BRIEF
Any pictures in the records below must be left out when you repeat the lines from the line containing "Dressoir 60x30x70 cm massief grenenhout en rattan bruin Dressoir" through the line containing "Bulova accutron watch" exactly.

RECORD EXCERPTS

"""

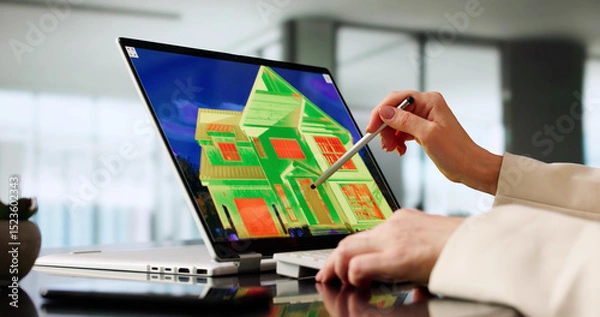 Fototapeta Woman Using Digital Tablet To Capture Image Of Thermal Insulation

"""
"""

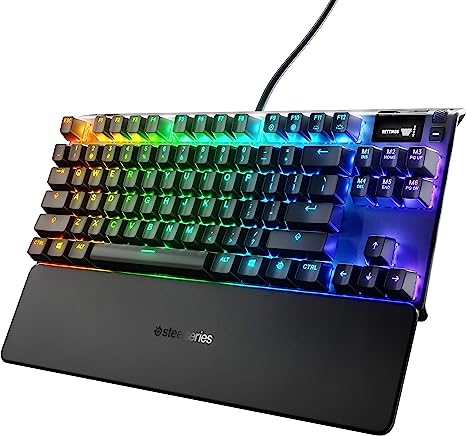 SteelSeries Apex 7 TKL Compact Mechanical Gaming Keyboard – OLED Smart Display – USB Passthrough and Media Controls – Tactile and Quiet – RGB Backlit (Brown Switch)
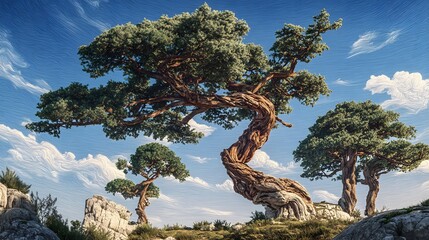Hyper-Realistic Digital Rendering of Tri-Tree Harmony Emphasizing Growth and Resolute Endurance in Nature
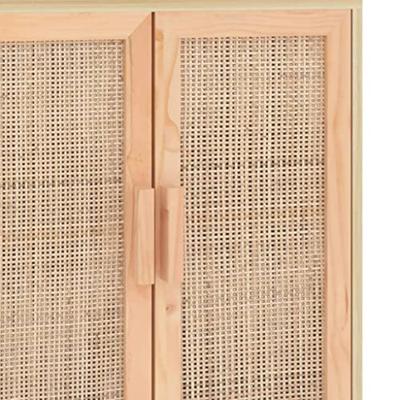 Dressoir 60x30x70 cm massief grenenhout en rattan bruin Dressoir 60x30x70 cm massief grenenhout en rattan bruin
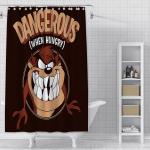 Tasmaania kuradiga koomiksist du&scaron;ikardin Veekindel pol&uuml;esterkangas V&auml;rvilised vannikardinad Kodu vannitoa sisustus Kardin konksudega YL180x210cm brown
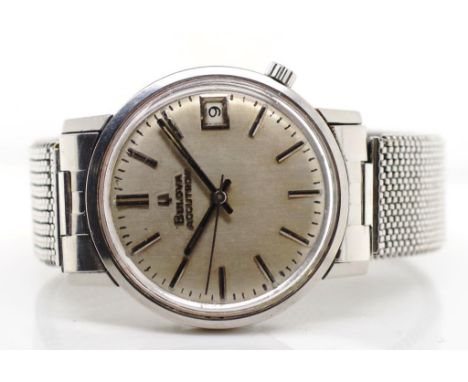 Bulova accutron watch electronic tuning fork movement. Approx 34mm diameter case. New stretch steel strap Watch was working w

"""
"""

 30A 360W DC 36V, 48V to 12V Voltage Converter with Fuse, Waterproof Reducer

"""

EXERCISE ANSWER
 Dressoir 60x30x70 cm massief grenenhout en rattan bruin Dressoir 60x30x70 cm massief grenenhout en rattan bruin
 Tasmaania kuradiga koomiksist du&scaron;ikardin Veekindel pol&uuml;esterkangas V&auml;rvilised vannikardinad Kodu vannitoa sisustus Kardin konksudega YL180x210cm brown
 Bulova accutron watch electronic tuning fork movement. Approx 34mm diameter case. New stretch steel strap Watch was working w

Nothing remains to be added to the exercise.